Certes, madame Bechtel, la République n'est pas achevée, loin de là ! Car la République ne va pas de soi, elle est un combat quotidien. Mais elle peut parfois se fourvoyer, et je pense que ce fut le cas au XIXe siècle sur les questions touchant aux minorités ou à la colonisation. La mise en oeuvre de l'idéal républicain n'a pas toujours été à la hauteur de cet idéal, et faire disparaître des langues minoritaires qui font partie de notre culture commune ne me paraît pas conforme à notre devise de « Liberté, égalité, fraternité », pas plus qu'aux principes de tolérance et de respect de l'autre que nous défendons.
J'ajouterai pour conclure que la première fois que les idéaux républicains et les principes des Lumières ont été mis en oeuvre en Europe, c'était vers 1760, alors que la France subissait encore le joug monarchique. Une petite république a mis en oeuvre le droit de vote pour les femmes et le droit de cité pour les Juifs : la Corse. Comme quoi, la République n'est pas toujours là où on l'imagine !
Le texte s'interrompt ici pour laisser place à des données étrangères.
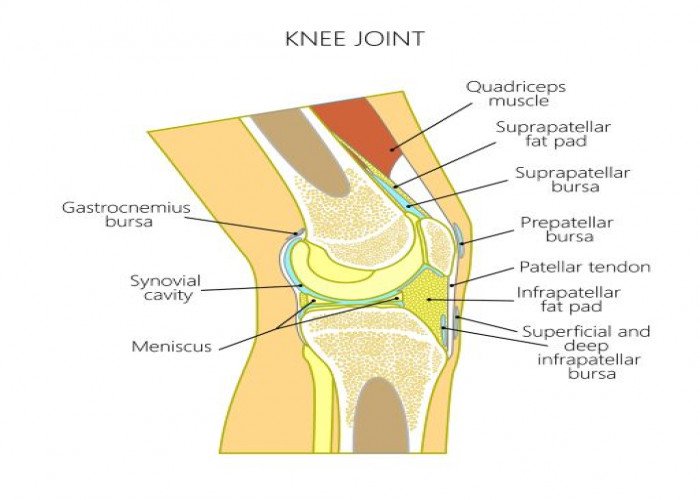 Knee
Les députés présents ici sont majoritairement favorables à la ratification, mais je doute que nous soyons majoritaires dans l'hémicycle. Cosignataire de la proposition de loi constitutionnelle de Marc Le Fur, j'ai évidemment pris connaissance de celle que nous propose aujourd'hui le rapporteur. Or il me semble qu'elle manque d'ambition, la déclaration interprétative empêchant l'application de certaines mesures auxquelles nous serions favorables.
La ratification de la Charte des langues régionales constituait l'engagement 56 du candidat François Hollande. Or lorsque le président de la République veut faire respecter l'un de ces engagements, il n'hésite pas à le faire porter par son Gouvernement. Au vu du véhicule retenu – une proposition de loi –, j'ai donc des doutes sur sa volonté de mener le processus à son terme.
Nous aurons, les uns et les autres à convaincre du bien-fondé de la ratification. Je m'inscris ici en faux contre les arguments de Mme Bechtel qui évoque le communautarisme et pour qui les langues régionales menacent la cohésion nationale.
Bien d'autres mesures prises par le Gouvernement favorisent aujourd'hui un communautarisme auquel l'UMP est farouchement opposée.
Ce texte, qui doit nous permettre de lever les obstacles juridiques qu'a notamment évoqués Paul Molac, se réfère aux langues régionales ou minoritaires : s'agit-il d'un « ou » exclusif ou inclusif, et pourrait-on avoir une définition claire ou une liste de ces langues régionales, voire minoritaires ? Le breton, le gallo, l'alsacien, l'occitan, la langue mosellane, le basque, le béarnais, le créole en font-elles partie ?
Si je soutiens la démarche du rapporteur, j'estime que nous sommes encore loin du but, puisque non seulement la date du vote sur cette proposition de loi n'a pas été arrêtée mais que, de surcroît, les conditions d'un référendum sur cette question ne me paraissent pas réunies aujourd'hui, dans la mesure où, dans un référendum, chacun sait que l'on ne répond pas à la question mais à celui qui la pose.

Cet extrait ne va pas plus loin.